BY BROOKSI HUDSON
CHARLESTON — Sister Pam Smith gave a talk on Catholic teachings on justice and peace March 3 as part of a series offered at Blessed Sacrament Parish. Sister Smith, a Sister of Sts. Cyril and Methodius, pointed out that the “teachings are grounded in our respect for human life from womb to tomb.”
Her talk was given at a time when Americans are wrestling with the issue of the war in Iraq as well as the issues of abortion and euthanasia.
“The dignity of the human person is a key to Catholic belief,” Sister Smith said, “and the conviction that God is sovereign over life underlies and drives Catholic teachings on justice.”
Sister Smith has a doctorate in theology from Duquesne University and is the author of eight books on Scripture and the environment. She currently works with faculty faith formation and adult religious education and teaches religion at Blessed Sacrament.
The first part of her talk was a review of key teachings from Pope John Paul II’s encyclical, “The Gospel of Life.”
“Human life is sacred despite the mixed messages that our culture is sending,” she said. “The conscience formation of our youth has been affected by television, talk shows, and books geared toward women. It is pervading our Catholic schools and universities.”

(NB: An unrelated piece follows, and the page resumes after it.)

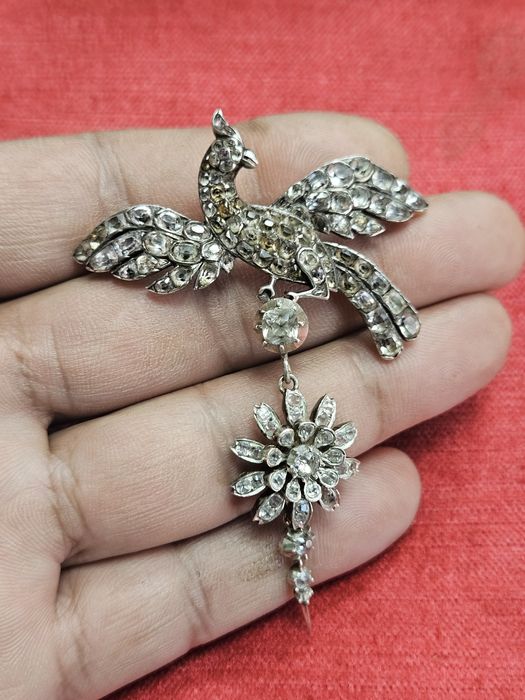 Сребърна брошка от 18 - ти век.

“The cultural messages are often louder than the internal voice that should tell us that taking a human life is wrong. A woman’s right to chose doesn’t ever supersede a human’s right to life,” she said.
She also pointed out that although the questions that we face today are much more complex than those faced by church leaders of the past, the same principles apply.

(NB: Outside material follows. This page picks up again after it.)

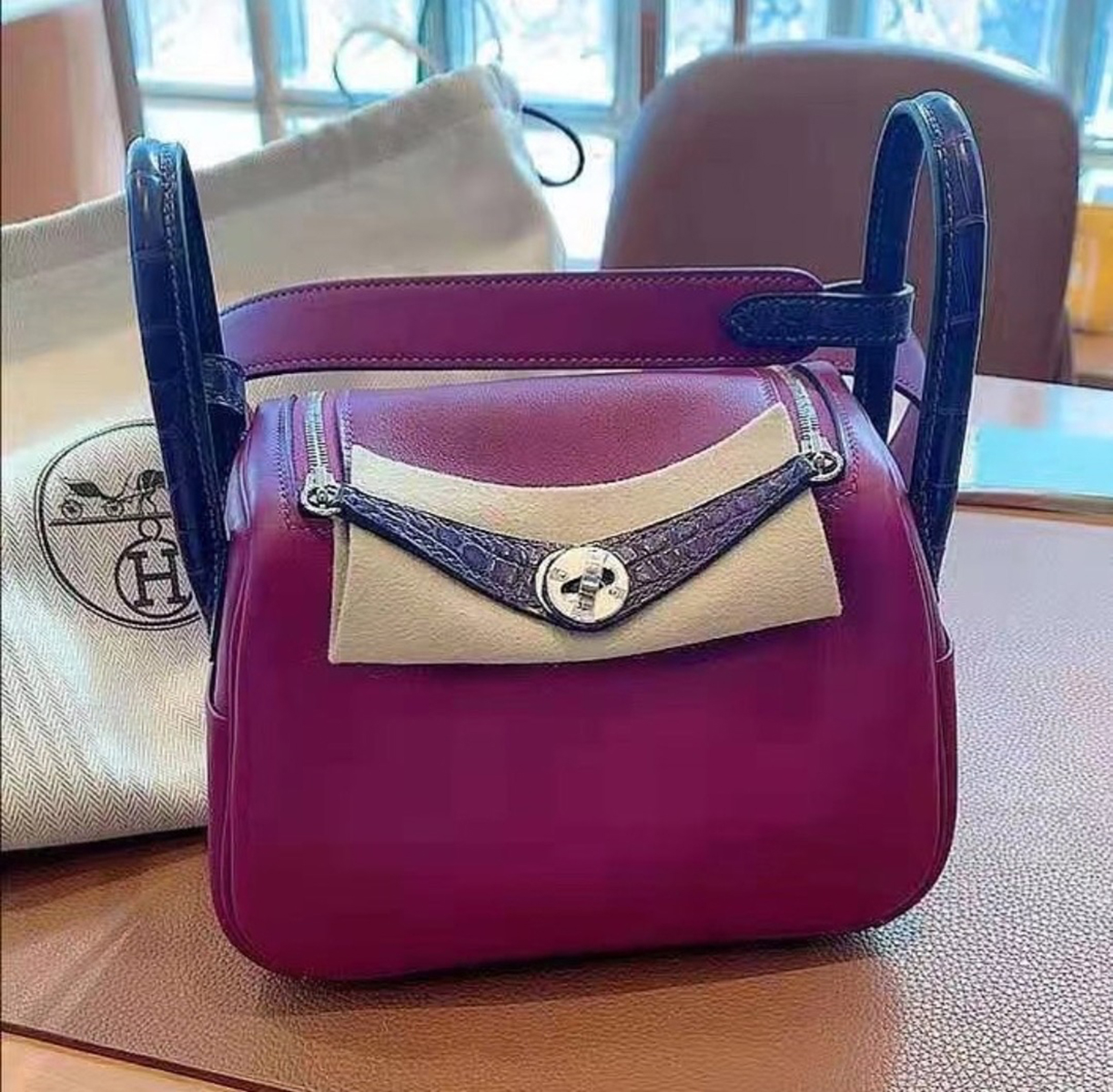 A Mini Lindy in Anemone with Cassis Matte Gator from February 2021. Photo courtesy of TPFer @Meta.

“Weapons of war, feeding tubes, and other modern technologies have made our questions complex, but the principles of life haven’t changed,” she said. She reminded those in attendance of the pope’s words that not choosing life is choosing our own death.
The second part of her talk dealt with keystones of Catholic social teaching, and she examined the church’s teachings on a just war and Christian pacifism.
“At present there are many Christians who profess pacifism,” she said. “The church respects the conscience of anyone who is pledged to non-violence … it does not, however, require this position.”
The current stance that the church takes in allowing Christians to use force to defend themselves is one that has developed gradually, said Sister Smith. The standards set for a just war are derived from those established by St. Augustine in the fourth and fifth centuries and St. Thomas Aquinas in the 13th century. “They also factor in recent developments in military technology and the variety of types of war waged,” she said.
Some of the conditions required to identify a just cause for war include the defense of innocent people and their land, the winning of peace as quickly as possible, the waging of war as a last resort when all other means of peace have been exhausted, as well as the probability of success.